Fresh sales support wheat and corn, but record South American output, weaker soybean demand, and shifting weather keep the grain complex without a clean Friday trend.
The grain complex starts Friday on a mixed footing, with wheat firmer overall while corn and soybeans soften after Thursday’s session. Traders are weighing broad export demand, heavier South American supply, reduced Australian wheat area, and weather that still leaves pockets of risk across the US Plains, the Corn Belt, and the Black Sea.
US export sales were supportive across the board, but soybeans were the clear weak spot.
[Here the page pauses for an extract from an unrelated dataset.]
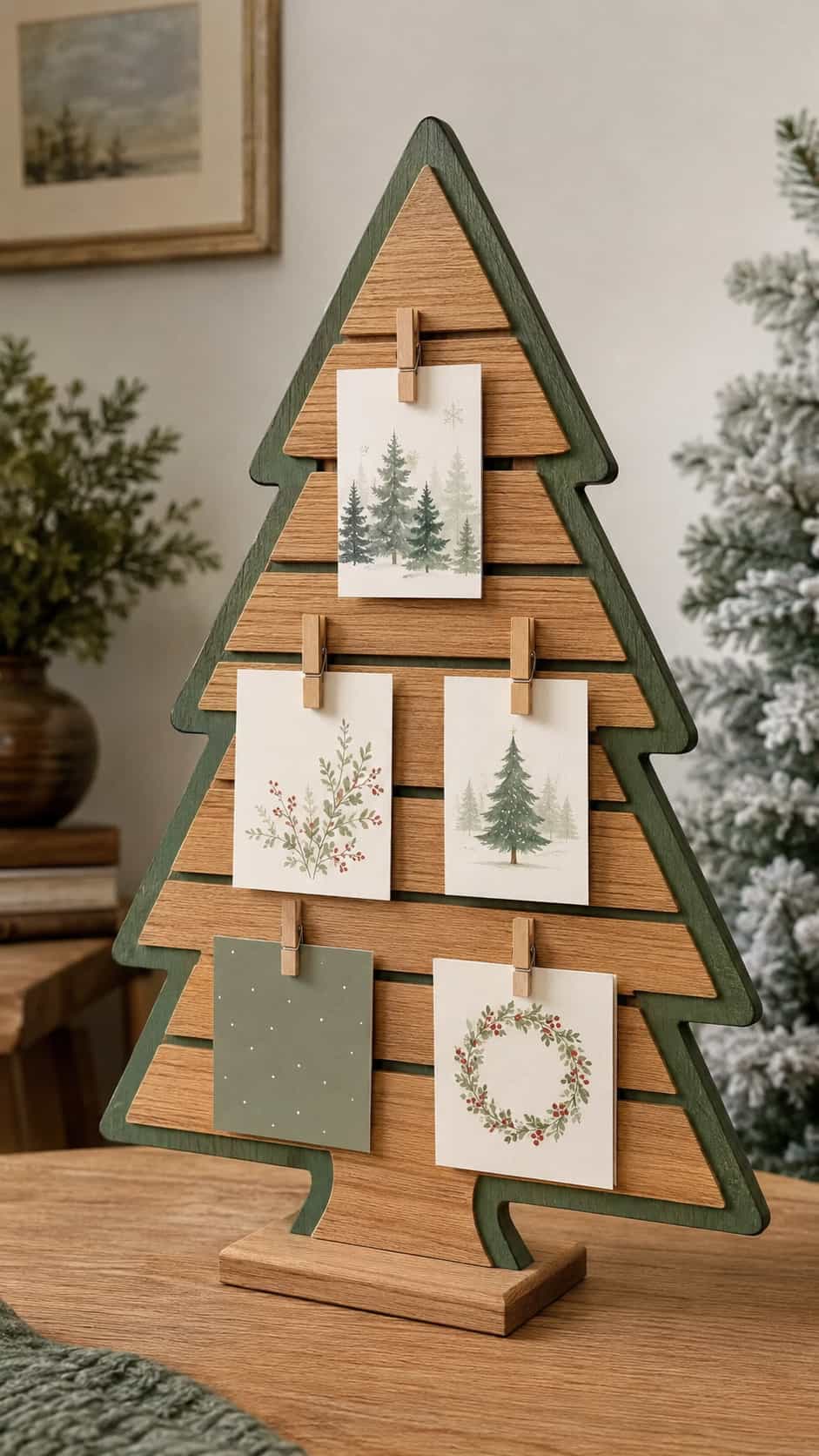 Christmas Card Display Tree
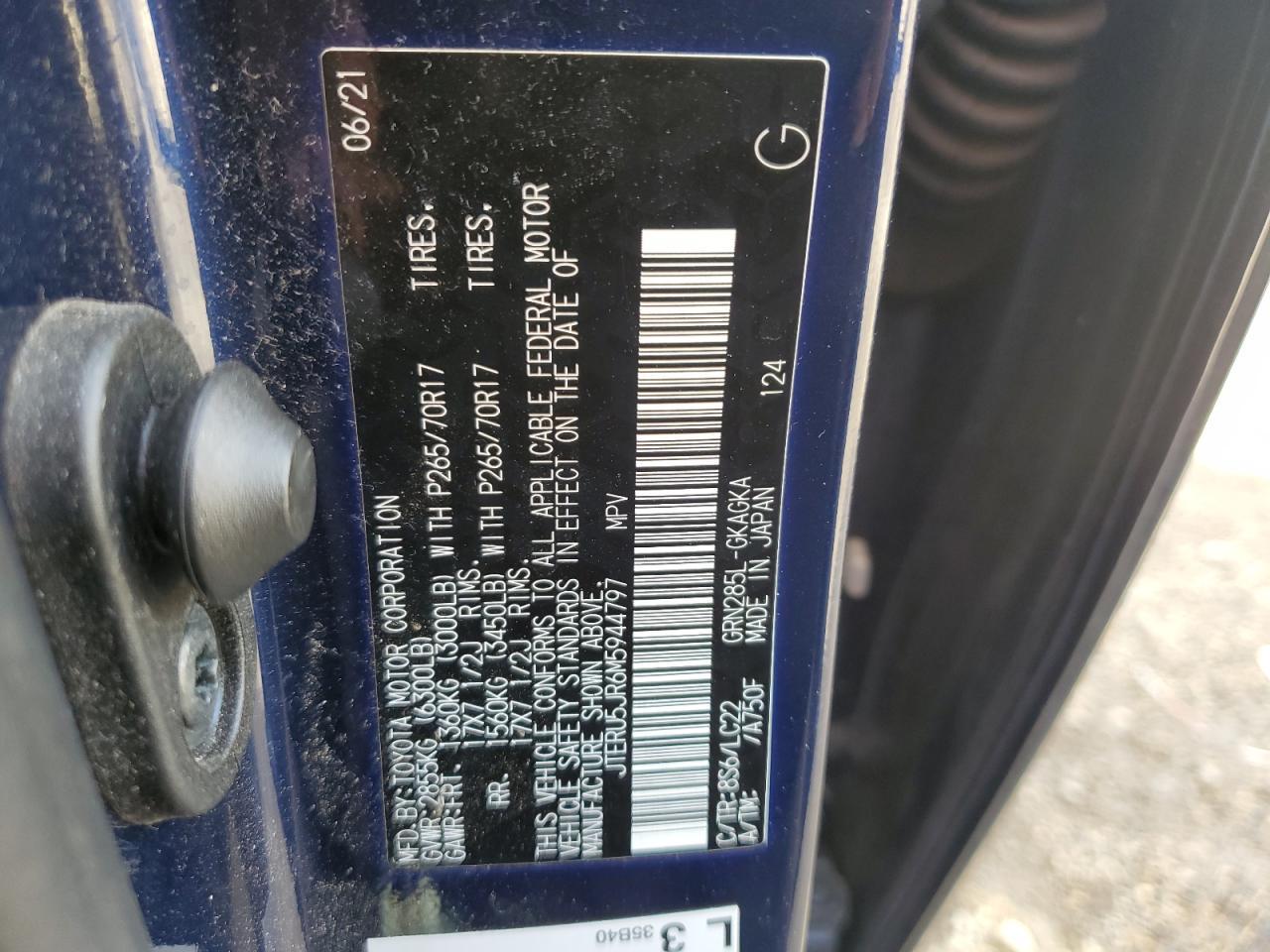 2021 TOYOTA 4Runner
Thursday morning’s report showed 100,318 MT of old-crop wheat sold, 1.4 MMT of old-crop corn business, and just 247,886 MT of 2025/26 soybeans, which was a marketing-year low. That mix keeps wheat and corn underpinned by demand, while soybean sales, meal sales below estimates, and zero new-crop bean sales point to softer near-term support.
Australia’s wheat outlook is turning lighter, which is supportive for wheat and canola. A Western Australia survey showed wheat area falling to 3.68 million hectares from 4.45 million last year, with farmers shifting some land into barley, canola, and lupins as fertilizer costs rise and dry El Niño risks build. Australia also secured 250,000 tons of urea from Indonesia to cover part of its winter crop needs, underscoring how fertilizer stress is still shaping acreage decisions.
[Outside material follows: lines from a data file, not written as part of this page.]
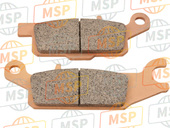 3B4W00450000, Brake Pad Kit, Yamaha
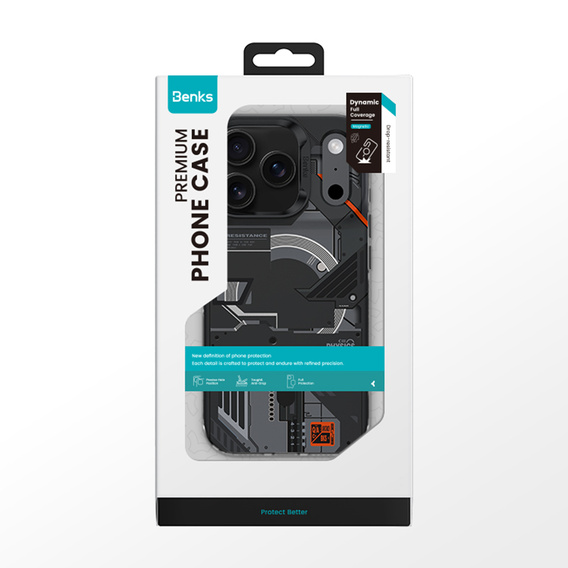 BENKS Dynamic Magnetic Mecha Case (D069) for iPhone 17 Pro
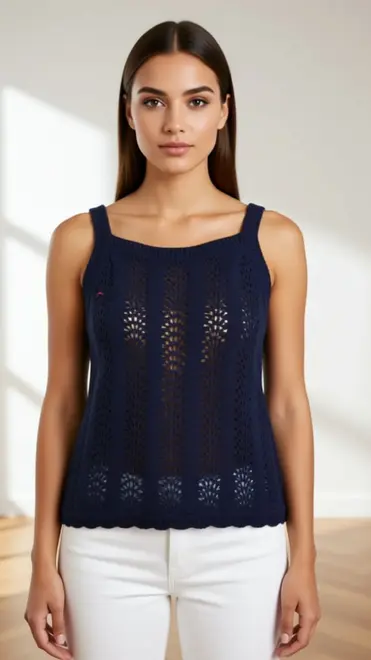 Garde-robe - Top - Marine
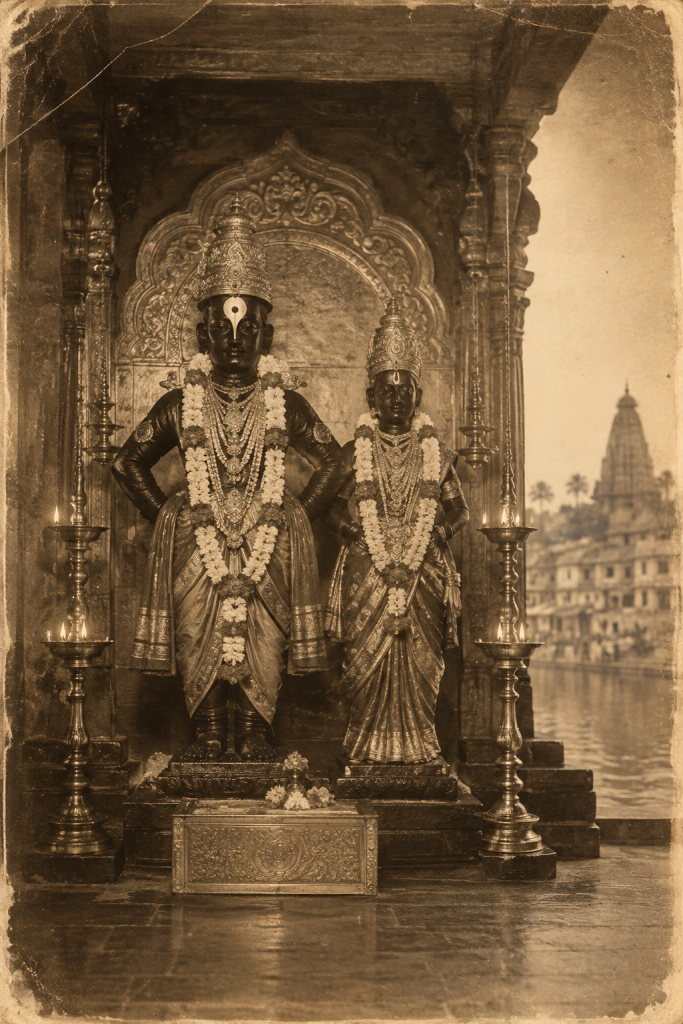 Old photograph of the deity
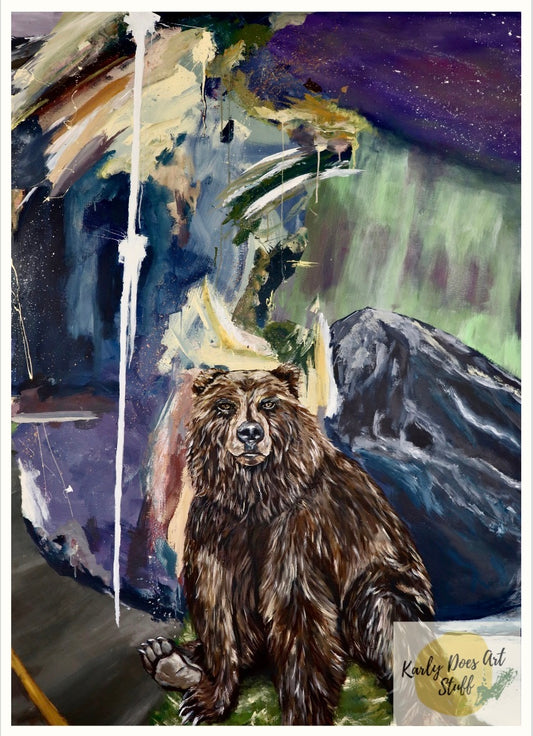 "Anchorage Bear" Print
South American supply remains the biggest bearish force for corn and soybeans. Buenos Aires Grains Exchange raised Argentina’s 2025/26 corn crop estimate to a record 61 MMT, while Argentina’s soybean harvest is only 6.2% complete and recent rains are slowing field access. In Brazil, Abiove lifted its soybean export forecast to a record 113.6 MMT, even as revenue falls on weak global prices, while production was left unchanged at 177.85 MMT and crush was raised to a record 62.2 MMT.
Weather still matters, but the US outlook is more about mixed crop support than a clean bullish or bearish break. The forecast calls for a cool summer across the Midwest, Northeast, and eastern Canada, with an active storm track through the Corn Belt, while drought risk stays focused on the Mississippi Delta and Pacific Northwest. In the Plains, cold fronts, frost risk, and uneven rain remain concerns for winter wheat, while the Delta still needs meaningful moisture. That setup is supportive for spring crops overall, but it is not yet a full-blown weather scare.
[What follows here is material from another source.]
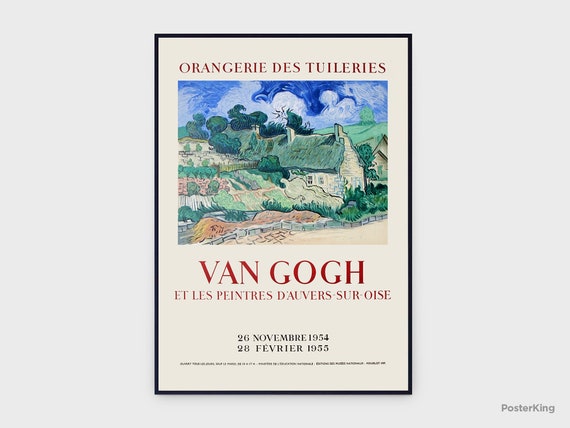 Vincent Van Gogh Orangerie Des Tuileries Paris 1954 Exhibition
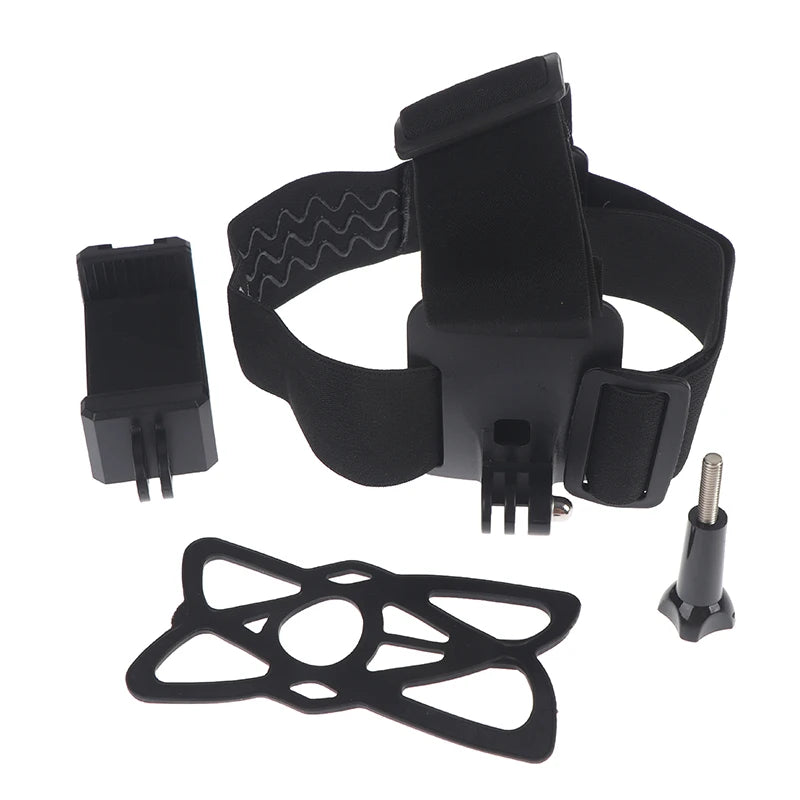 Support de téléphone pour casque, vidéo à la première personne, serre-tête pour téléphone, smartphone, caméra d'action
The Black Sea region is also mixed, with wetter pockets helping and dry pockets keeping risk alive. Cooler temperatures dominated last week, soil moisture remains high across Ukraine, Kazakhstan, and central/south Russia, and the next 15-day outlook turns wetter for southern Ukraine, the North Caucasus, and Turkey. That is a modestly supportive setup for winter wheat and rapeseed, but it does not point to an immediate supply shock.
Vegetable oil markets remain another important cross-commodity driver for soybeans. Indonesia’s palm oil output is projected to rise to 48 MMT in 2026/27, with exports seen up 4% to 25 MMT and domestic biodiesel use set to climb under the B50 program. That adds supply to the global veg-oil balance at a time when soy oil already faces pressure from large Brazilian production and export flows.
Energy and logistics are still filtering into corn pricing. The EPA said the US generated more ethanol blending credits in March, which supports the broader biofuel demand story, but Mississippi River grain shipments fell in the latest week and barge rates edged higher. That combination is constructive for long-term corn demand, but it also hints at ongoing basis and freight friction.
Global wheat supply is not tight enough to spark a major rally on its own, but the balance is no longer cleanly bearish. France’s soft wheat crop stayed rated 84% good to excellent, while Canada’s rapeseed outlook points to slightly higher acreage and another season of strong crush-driven demand. Against that backdrop, wheat needs either stronger export follow-through or a sharper weather issue to extend gains.
Wheat
May ’26 CBOT SRW wheat closed Thursday at $5.98 1/2/bu, up 4 3/4 cents, and is down 2 cents early Friday. The market is being supported by solid export sales, weaker expected wheat area in Western Australia, and ongoing weather concerns in the US Plains and Black Sea region.
Corn
May ’26 CBOT corn closed Thursday at $4.48 1/2/bu, down 2 3/4 cents, and is up 1 1/4 cents at the Friday open. Export sales were strong at 1.4 MMT, but a record Argentina crop estimate of 61 MMT and heavier South American supply continue to cap upside.
Soybeans
May ’26 CBOT soybeans closed Thursday at $11.63 3/4/bu, down 3 1/4 cents, and are down 5 1/2 cents early Friday. Weak weekly export sales, soft meal demand, and Brazil’s record export outlook are weighing on the market, even as crush and veg-oil dynamics provide some offset.